A term used that is interchangeable with detention time is contact time. Contact times represent how long a chemical (typically chlorine) is in contact with the water supply prior to delivery to customers. For example, contact time can be measured from the time a well is chlorinated until it reaches the first customer within a community. Or, it could be how long the water mixes in a storage tank before it reaches a customer.
Calculating the Detention Time and Contact Time requires two elements, the volume of the structure holding the water (sedimentation basin, pipeline, and storage tank) and the flow rate of the water (gallons per minute, million gallons per day, etc). Since detention times and contact times are typically expressed in hours, it is important that the correct units are used. When solving Dt problems be sure to convert to the requested unit of time.

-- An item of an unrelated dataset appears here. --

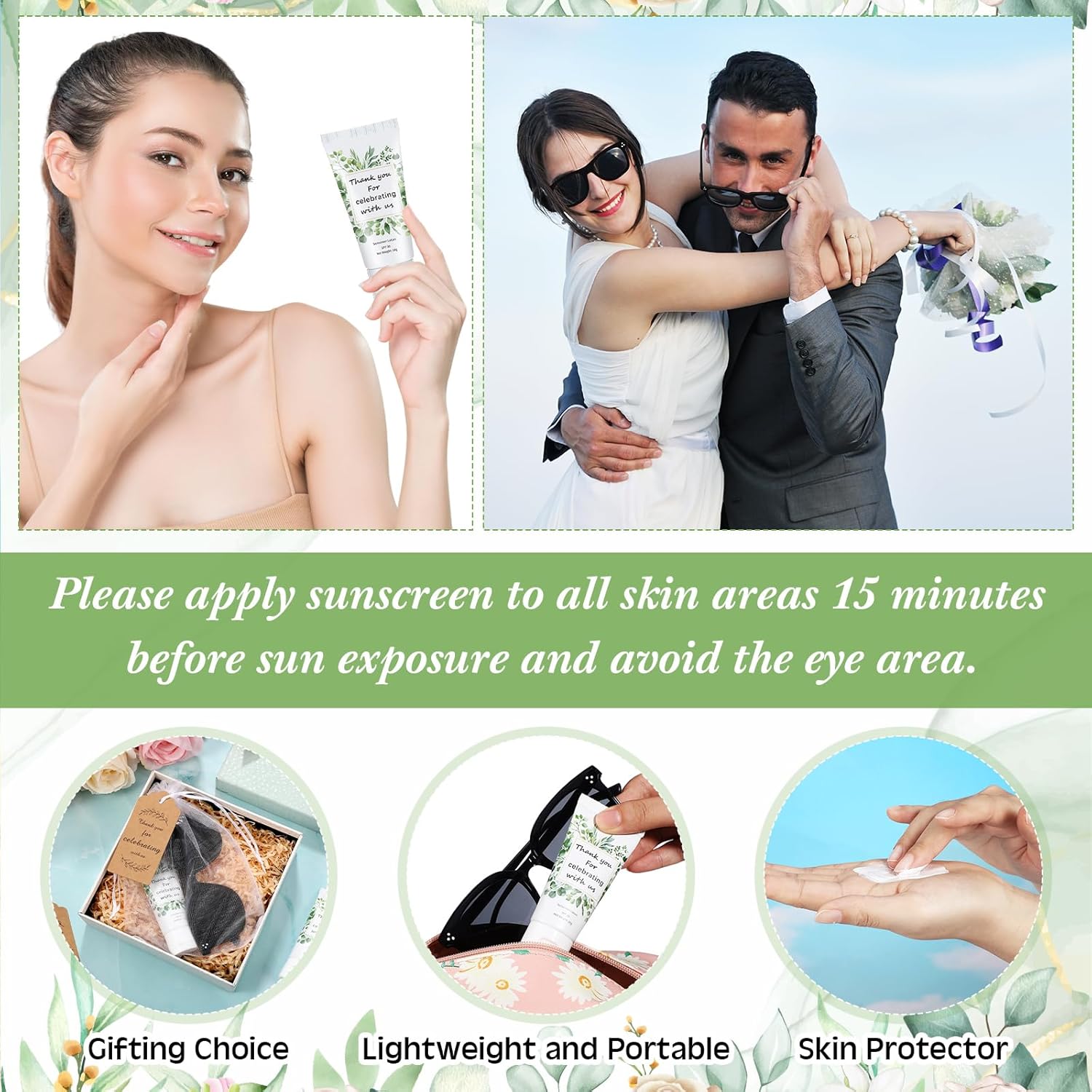 12 Sets Mini Sunscreen and Sunglasses Bulk for Wedding Party Spf30 Water Resistant Sunscreen Lotion Bulk 1oz Travel Size for Thank You Gifts Wedding Party Supplies (Eucalyptus)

As with all water math-related problems, there are other parameters that can be calculated within the problem. For example, if the detention time and volume are known, then the flow rate can be calculated. Or, if the flow rate and detention time are known, the volume can be calculated. Sometimes the flow rate and the desired detention time is known and the size of the vessel holding the water needs to be designed. In this example, the area or dimensions of the structure can be calculated.
The chart above shows a simple way of calculating the variables. If the variables are next to each other (Dt and Flow Rate) then multiply. If they are over each other (Volume and Dt or Volume and Flow Rate) then divide.
The Detention Time formula is:
\[\text{Detention Time (Dt)} = \dfrac{\text{Volume}}{\text{Flow}}\]
- When solving this equation make sure the units are correct
Take a look at the examples below.
- \(\text{Dt}\) = Volume/Flow
- gallons/(gallons/minute)
- cubic feet/(cubic feet/second)
- gallons/(million gallons/day)
In the first two examples above, the terms can be divided. However, in the third example, they cannot. Dt should be expressed as a unit of time (i.e., sec, min, hours). If you divide the first two examples (gal/gpm and cf/cfs), you will end up with minutes and seconds, respectively. However, in the third example, gallons and million gallons cannot cancel each other out. Therefore, if you had 100,000 gallons as the volume and 1 MGD as the flow rate:
100,000 gallons/1 MGD
Then you would need to convert 1 MGD to 1,000,000 gallons per day in order to cancel the unit gallons. The gallons then cancel leaving “day” as the remaining unit.
100,000 gallons/(1,000,000 gallons/1 day) = 0.1 day
Converting to hours from days is easy, simply multiply by 24 hours per day.
0.1 day/x = 24 hours/1 day = 2.4 hours
Sometimes, this can be the simplest way to solve detention time problems. However, people can be confused when they get an answer such as 0.1 days. There are other ways to solve these problems. One way is to convert MGD to gpm. Using the above example, convert 1 MGD to gpm.
1,000,000 gallons/1 day x 1 day/1,440 minutes = 694.4 gpm
Now solve for the Detention Time.
100,000 gallons/(694.4 gallons/min) = 144 minutes x 1 hour/60 minutes = 2.4 hours
If the question is asking for hours there still needs to be a conversion. However, 144 minutes is more understandable than 0.1 days.
Exercises
Solve the following problems. Be sure you provide the answer in the correct units.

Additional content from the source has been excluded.